A bequest in your will: You may choose to leave a specific amount to the Sisters of Charity of Nazareth, or name the SCNs as a beneficiary to receive a percentage of your residual estate, once all specific amounts have been paid.
Gift of life insurance: A gift of life insurance can provide a significant charitable deduction. This deduction can be achieved by purchasing a new policy, or donating a policy that you currently own but no longer need. You may also amend an existing life insurance policy by listing the Sisters of Charity of Nazareth as the named owner and irrevocable beneficiary. Please be sure to check with your insurance agent and accountant for these details.
Gifts of life income: If you own stock which is paying low dividends to you, a "life-income" gift may be an appropriate gift. Establishing a "charitable remainder trust" will provide you with an annual return. This income would be paid to you and/or your loved one for life, after which the assets would be distributed outright to the SCNs. At the time you make this type of gift, you would receive an immediate charitable deduction on your income tax (would carry forward for five years) and capital gain is avoided.
Other Forms of Giving
Gifts of cash: Charitable gifts are most often made in the form of cash and checks. When you itemize, you can deduct such gifts in amounts up to 50 percent of your adjusted gross income per year. When cash gifts exceed 50 percent of your adjusted gross income in any one year, the excess may be carried forward for as many as five (5) years.
Gifts of real estate: Some people make charitable gifts with appreciated property and realize significant tax savings. A residence, vacation home, farm, acreage or vacant lot may have appreciated in value so much that its sale would mean a substantial capital gains tax. By making an outright gift of property instead, you avoid the capital gains tax, and, at the same time, receive a charitable deduction for the full fair market appraised value of the property.

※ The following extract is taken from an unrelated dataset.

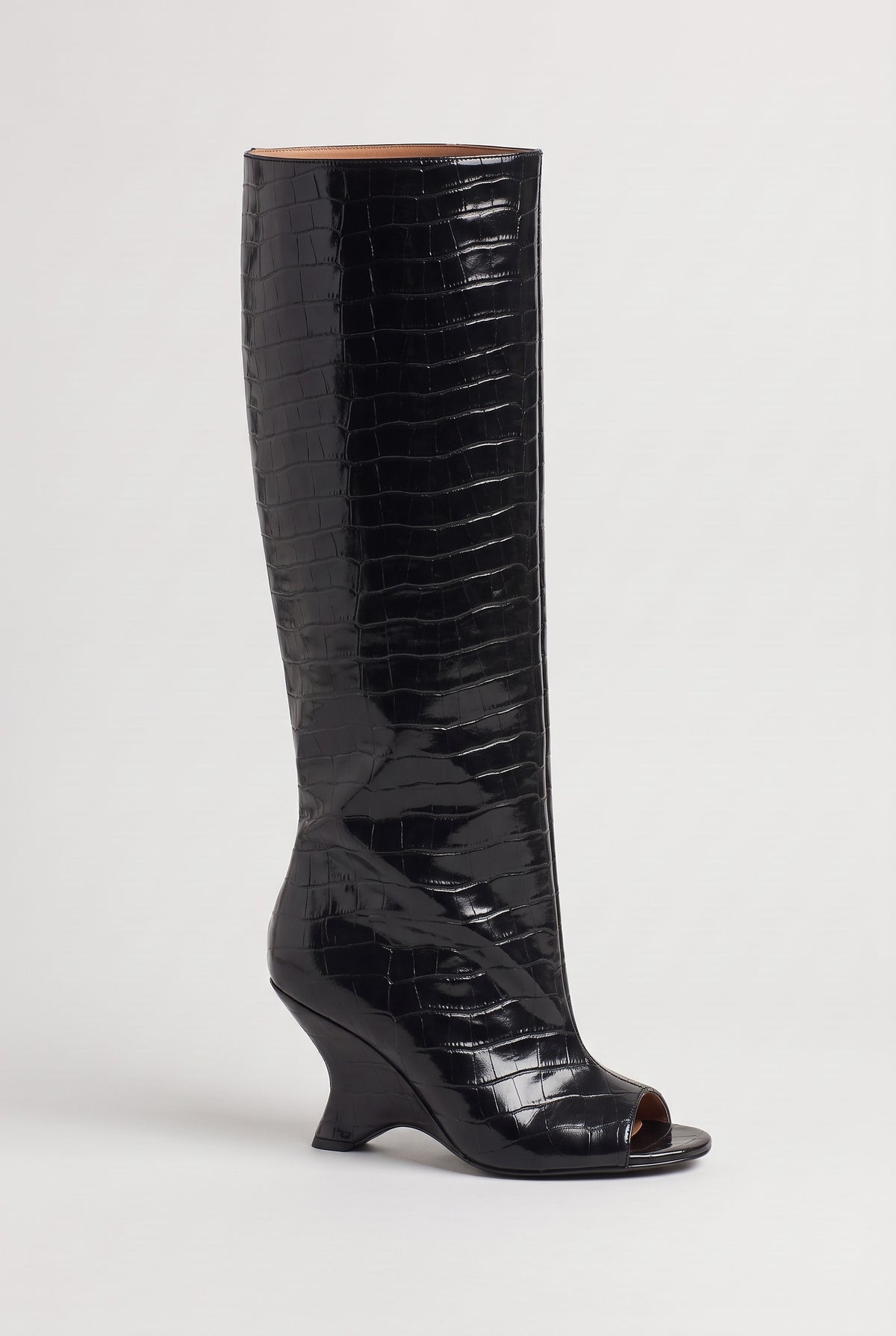 Women's Knee High Boots | Peep Toe Wedge - Black Textured Faux Leather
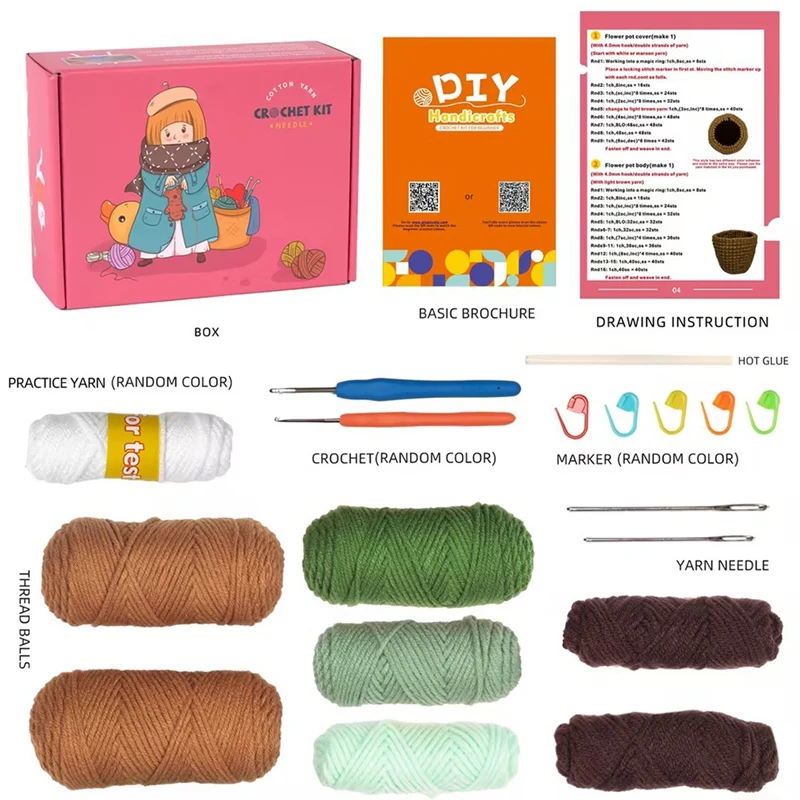 Crochet Kit DIY Succulent Potted Plant Crochet Kit With Knitting Yarn Needles Plush Doll Easy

Gifts of stock: If you own stock, it is often a more tax-wise asset to contribute than cash. A gift of stock generally offers a two-fold tax savings advantage. First, you avoid paying any capital gains tax on the increase in value of the stock. Second, you receive an income tax deduction for the full fair market value of the stock at the time of the transfer of the gift. In order to qualify for these significant tax advantages, make sure that you have owned the stock for at least 12 months.